By Douglas LeBlanc
For the first time in decades, an Archbishop of Canterbury has lost a parent to death while he served at Lambeth Palace. Lady Jane Williams, who died July 15 at 93, led an eventful life long before her son, Justin Portal Welby, even began his studies at Eaton College in the early 1970s.
After a humiliating first encounter with Prime Minister Winston Churchill — who, upon meeting his new secretary, asked whether there was anybody else— she became a long-standing and trusted member of his staff. She took dictation of his acclaimed account of World War II.
In 1952 she accompanied Churchill to Heathrow Airport to greet Queen Elizabeth II, who had to return from a trip to Kenya because of the death of her father, King George VI. “I remember him in the car just weeping because he felt the history of it … they just poured down, unashamed,” Lady Williams said, according to an obituary in The Telegraph.

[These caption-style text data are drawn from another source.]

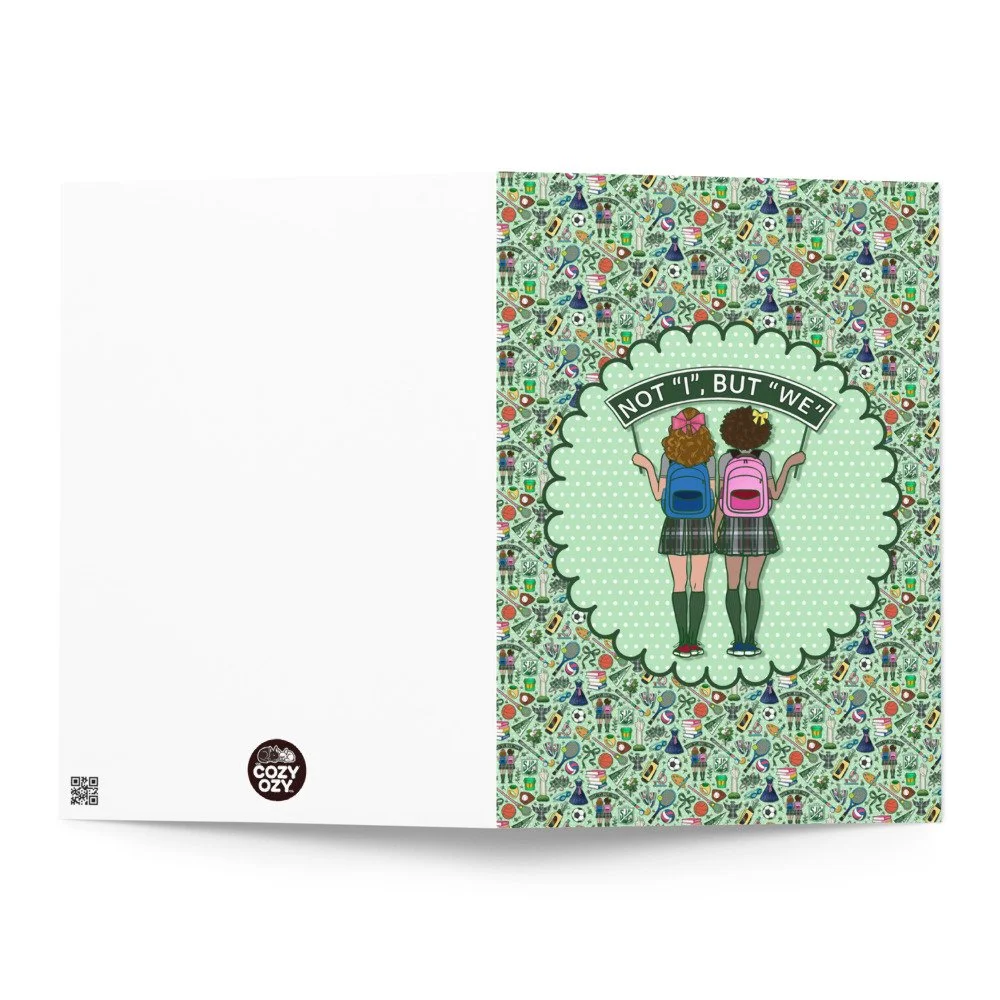 greeting-card-5.83x8.27-outside-6913ad0296d8f.jpg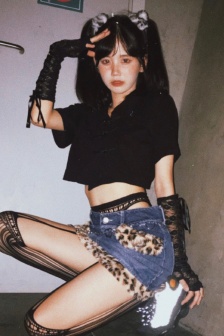 性欧美freehd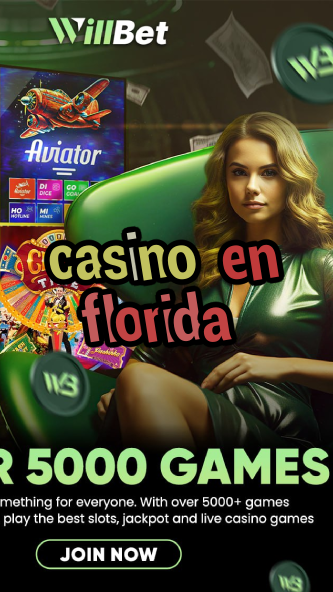 casino en florida-igamblinglist.com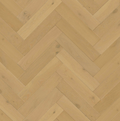 Mccarran® whitlock Herringbone Engineered Hardwood Flooring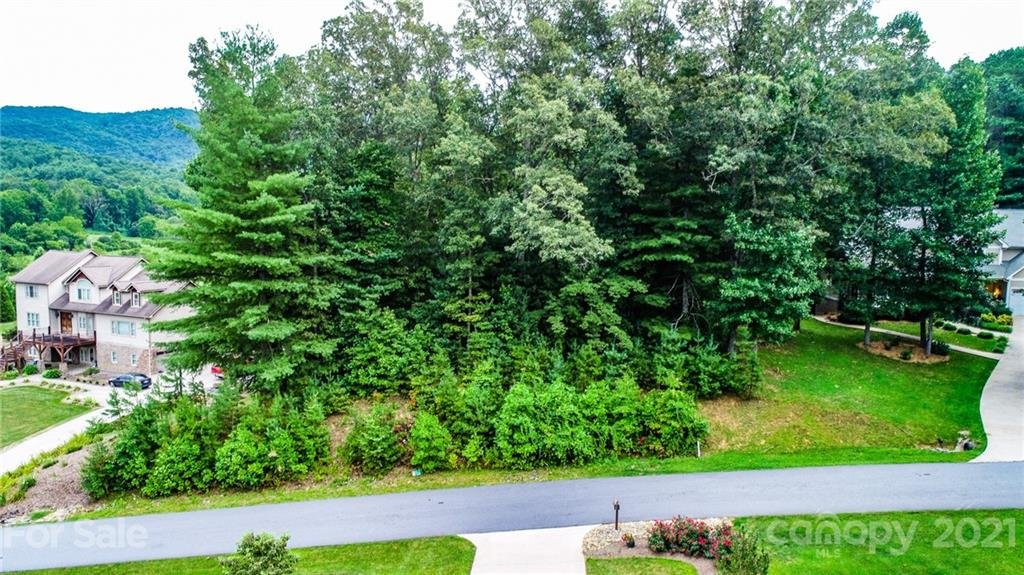 99999 Sovereign Lane 4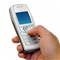 Cep telefonunda m�thi� rekor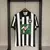 Camisa Botafogo 1995 (Casa) – Finta - comprar online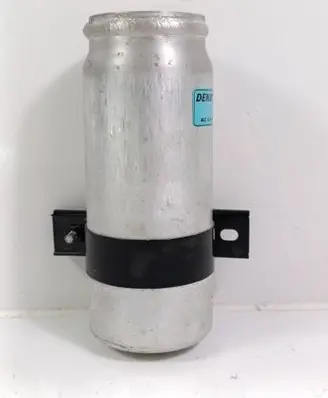 Toyota bZ4X Air conditioning (A/C) air dryer TY4478101000 TY447810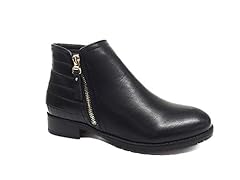 Ivachy women ankle for sale  Delivered anywhere in UK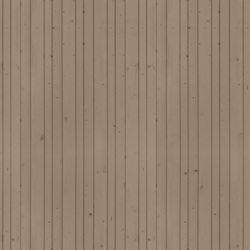 mtex_108635, Holz, Fassade, Architektur, CAD, Textur, Tiles, kostenlos, free, Wood, Blumer Lehmann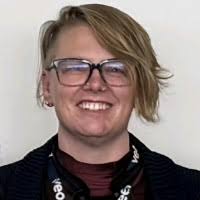 100+ Profile mit dem Suchbegriff „Shock“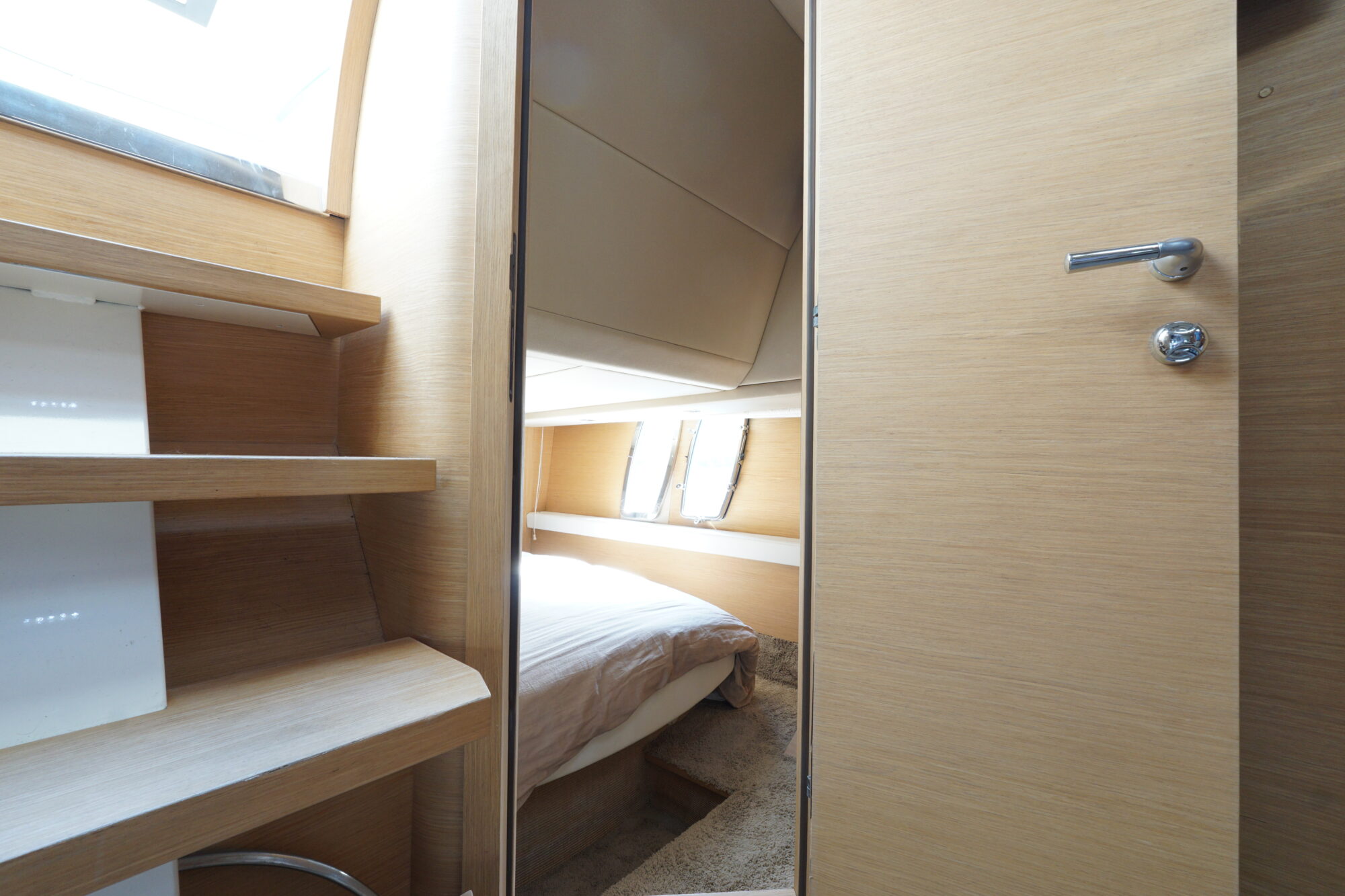 foto: 19 Sessa Sessa C52 HT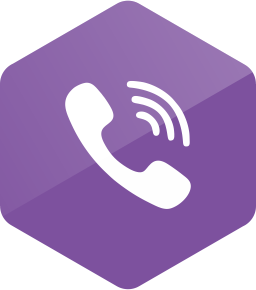Viber.png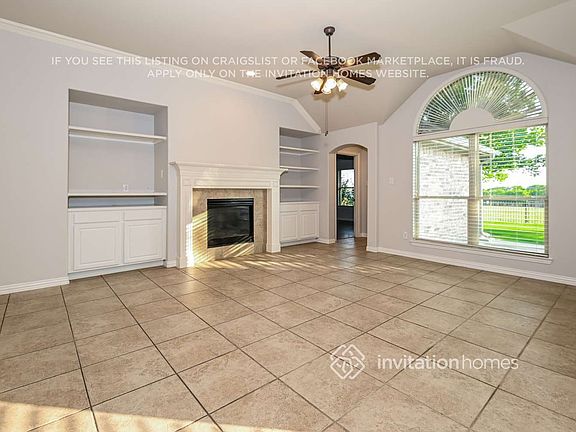 4th image of 807 Miramar Dr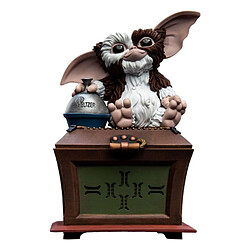 Weta collectibles Figurine Gizmo Gremlins Mini Epics
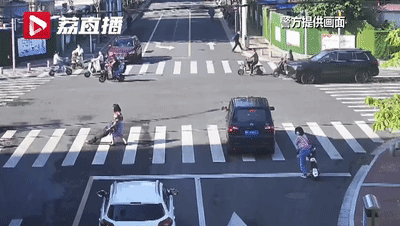 警方寻人!谢谢你们! 警方寻人!谢谢你们!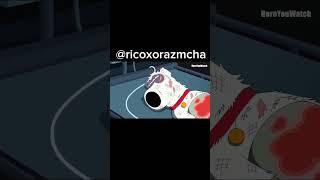 rico xorazmcha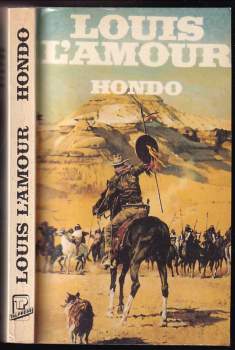 Hondo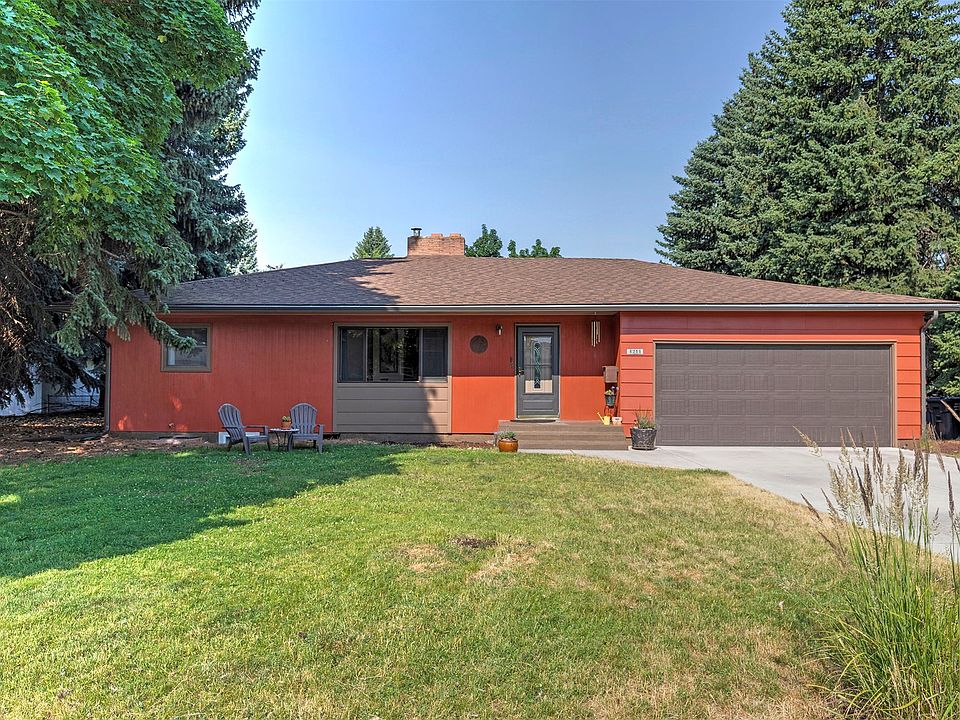 1st image of 4211 Lake Pl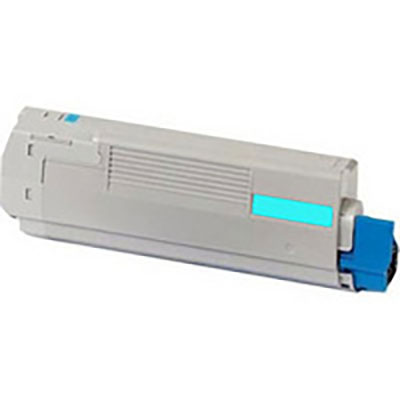 TONER+LASER+OKI+C301DN+CIANO+44973535%3Cbr%3E%3Ci%3EOKI%3C%2Fi%3E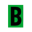 bur.pl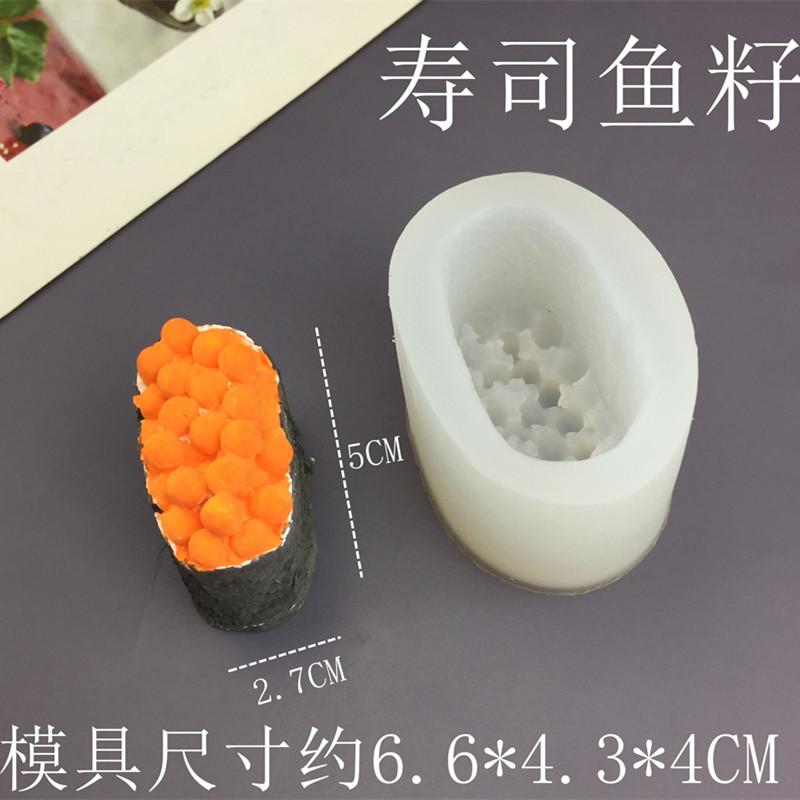 8880-8883天腾 (3)_副本_副本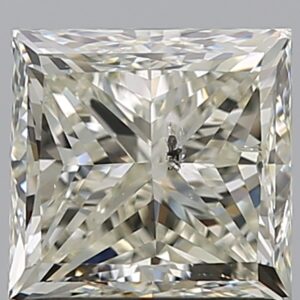 1.5 CT PRINCESS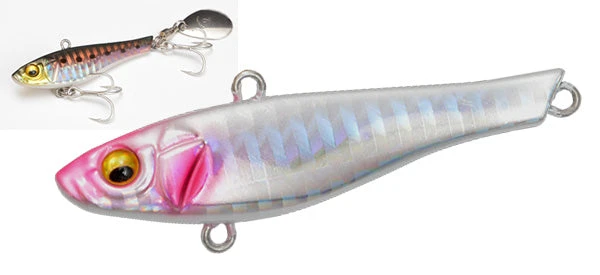 Megabass X-Crew 5 Megabass X-Crew - Image 3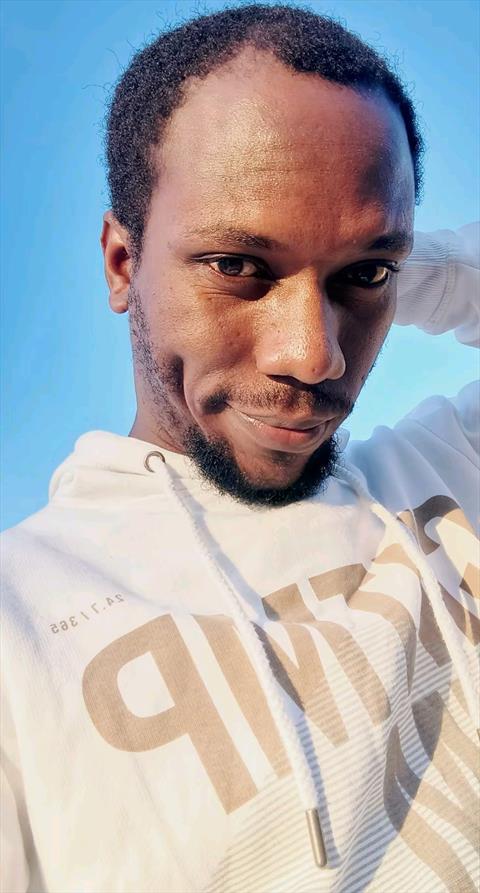mukalazi ivan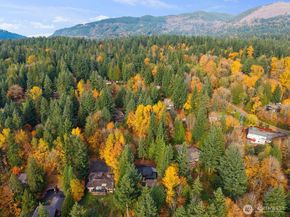 25510 SE 159th Street, Issaquah WA 98027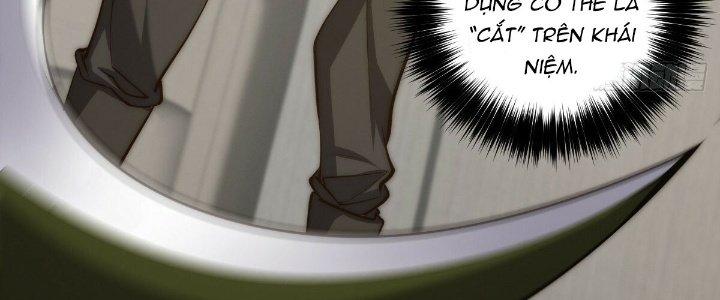 Trở Lại Với Sức Mạnh Của Hệ Thống Chapter 22 - Trang 3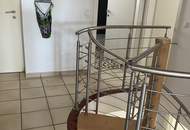 „Urbanes Wohnen trifft Natur – Gartenwohnung in Bestlage von Wien-Hietzing“ | ZELLMANN IMMOBILIEN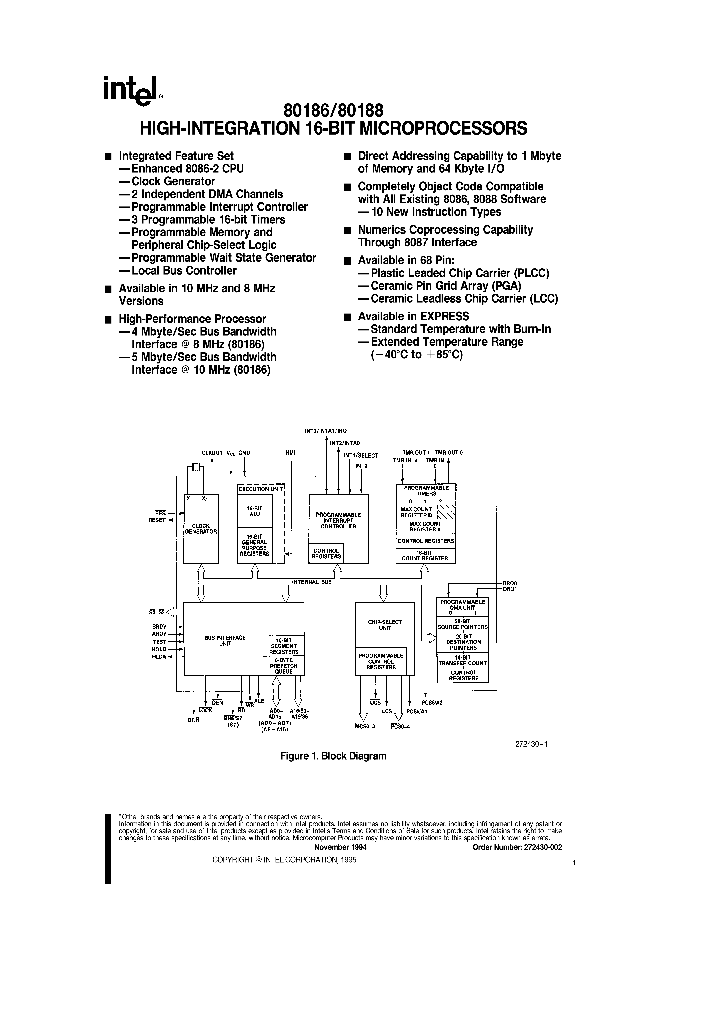 TA80186_7305090.PDF Datasheet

In 1955, she eloped to the United States with Gavin Welby and they married in Baltimore. She gave birth to the future archbishop approximately nine months later. She petitioned for divorce in 1959, citing Gavin Welby’s adultery. Gavin Welby won custody of his son.
“As a result of my parents’ addictions my early life was messy, although I had the blessing and gift of a wonderful education, and was cared for deeply by my grandmother, my mother once she was in recovery, and my father [Gavin Welby] as far as he was able,” the archbishop later recalled.
Gavin Welby later was briefly engaged to Vanessa Redgrave, and he died in 1977.
The archbishop’s mother overcame her alcoholism in 1968, and she married Charles Williams, a banker, biographer, and cricketer, in 1975. “When he was elevated to the House of Lords as a Labour life peer in 1985, she became Lady Williams of Elvel,” The Telegraph said.
For all that anyone knew for the next five decades, Gavin Welby was Justin Welby’s father.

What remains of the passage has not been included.